Publicize your group anywhere and everywhere. Meet at a local coffee shop.
Lastly and most efficiently but sometimes even more remotely an option – move. Research areas, schools, talk with folks of color. Explain to your kids why you are moving.
Good luck, stay positive and be patient.
Best,
Jen
While the positive ideas are great, at the risk of raising a contrarian view, have you asked yourself honestly – very honestly – how much effort you are willing to invest to “diversify”? And how long should children be asked to live in isolation? (Sorry, that’s my baggage…never mind.)
What happens if there aren’t any non-whites, or worse, none willing to interact with you? What are your limits?
Patience is a virtue, but nobody can become a saint while they’re alive.
Hope things work out for you
I have conflicting feelings about our non-diverse area.
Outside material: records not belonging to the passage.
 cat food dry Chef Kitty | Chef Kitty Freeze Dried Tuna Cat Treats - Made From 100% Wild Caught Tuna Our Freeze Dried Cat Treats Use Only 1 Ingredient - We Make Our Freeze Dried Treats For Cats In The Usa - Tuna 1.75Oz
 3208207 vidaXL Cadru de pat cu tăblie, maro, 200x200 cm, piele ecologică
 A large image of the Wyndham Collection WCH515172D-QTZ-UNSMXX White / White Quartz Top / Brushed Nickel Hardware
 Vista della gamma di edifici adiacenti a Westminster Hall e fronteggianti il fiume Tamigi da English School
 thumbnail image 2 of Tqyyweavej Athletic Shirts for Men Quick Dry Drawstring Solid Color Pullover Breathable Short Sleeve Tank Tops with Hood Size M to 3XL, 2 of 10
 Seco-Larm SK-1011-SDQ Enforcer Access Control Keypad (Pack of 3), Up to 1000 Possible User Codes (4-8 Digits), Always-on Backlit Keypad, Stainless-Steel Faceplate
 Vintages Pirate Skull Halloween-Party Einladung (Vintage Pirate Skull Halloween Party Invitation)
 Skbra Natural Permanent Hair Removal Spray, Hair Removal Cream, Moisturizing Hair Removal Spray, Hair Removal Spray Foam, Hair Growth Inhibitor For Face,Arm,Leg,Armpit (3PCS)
I initially felt as though we were being unfair by raising our child in an area which is very Caucasian. Often we are asked questions about our daughter or we get stares and interested adults and children commenting on her ethnicity.
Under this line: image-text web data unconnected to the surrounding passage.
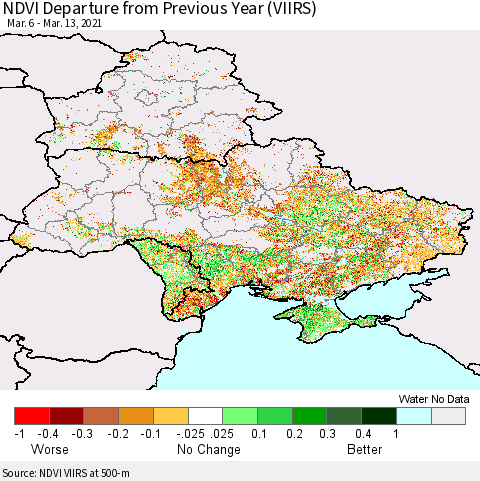 Ukraine, Moldova and Belarus NDVI Departure from Previous Year (VIIRS) Thematic Map For 3/6/2021 - 3/13/2021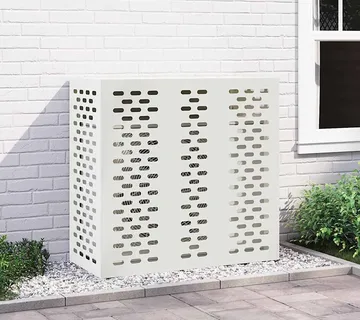 vidaXL Pokrov za klima uređaj Bijela 110 x 50 x 105 cm Pocinčani čelik - Venlo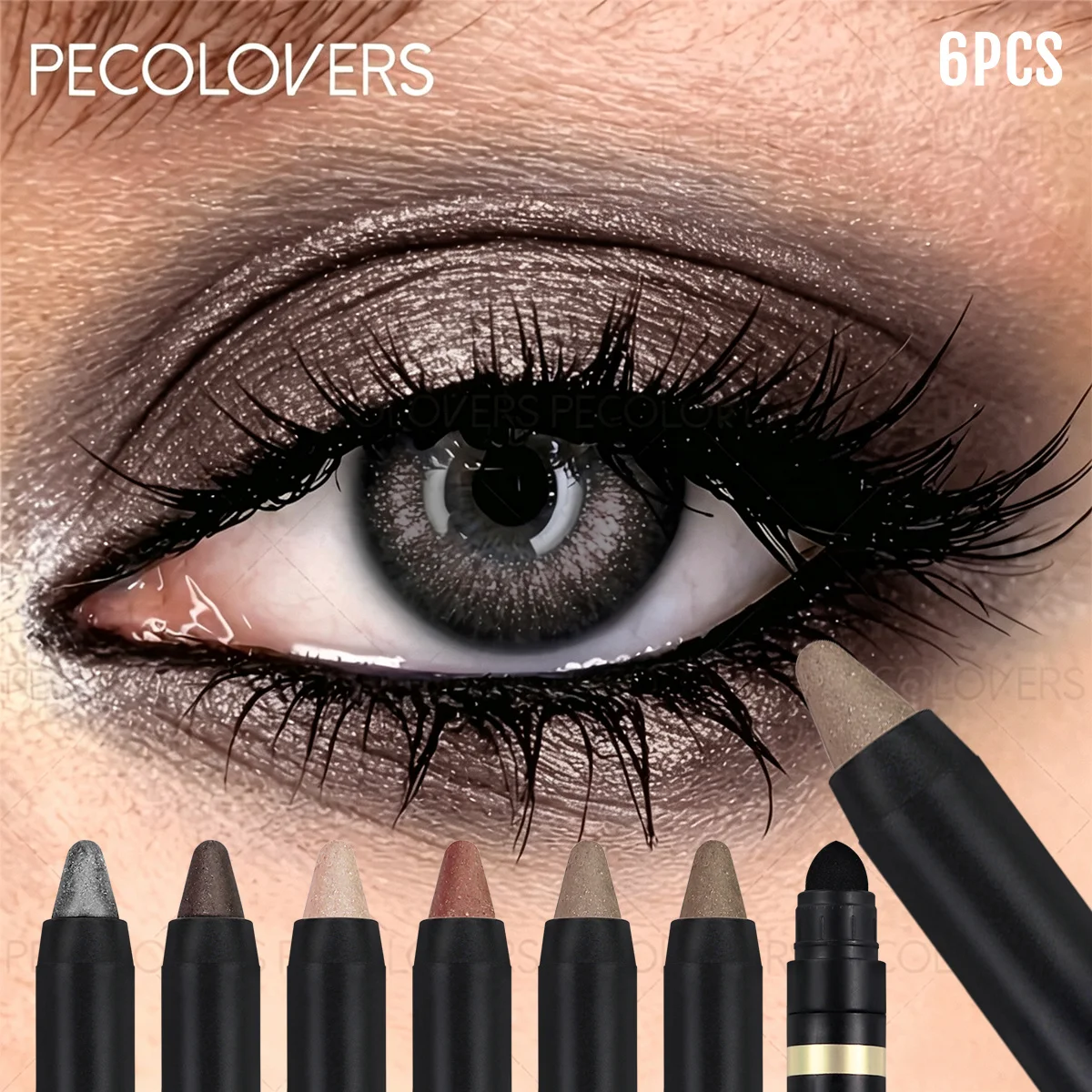 6PCS/SET 2 In 1 Double Head Eyeshadow Pencils,Water Resistant,Non Greasy Cream Formula,Rich Color Payoff,Glitter & Matte Dual Finishes,No Powder Fallout,Beginner Friendly Portable Eye Stick Set For Everyday Beauty Looks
until I vacationed in this diverse area. Do the people who are more familiar with diverse races also feel more privileged to spew racism?
I recently vacationed in an area where I was born and raised. One of the most diverse areas in our country. It was an interesting experience.
It felt nice at first to “blend” in and not have people interested in us, then I began to notice that those who did have racist comments and any interest in our situation were those who did so out of anger and disgust about diversity.
I wonder now if those who have never been exposed to people of different ethnicity will have a more innocent view about them? Is it possible that a diverse area is one filled with more animosity for those who are not white?
I had never heard the term ): pan face
We have successfully connected with many people who are of different ethnicities in our area. A little effort pays off in the end. Now we have wonderful new friends and a stronger support system and also a new force of alliance which helps other people new to our area feel welcome.
Where in rural Central NY is this? I’m from the area and could help.
As far as areas that are rural with some diversity in the region would be in school districts like Onondaga, LaFayette, Canastota, Stockbridge Valley, Hamilton, Morrisville-Eaton, Waterville, Oriskany, Westmoreland and Tully off the top of my head. It varies by district, but there is diversity to some degree in those areas and maybe a few more.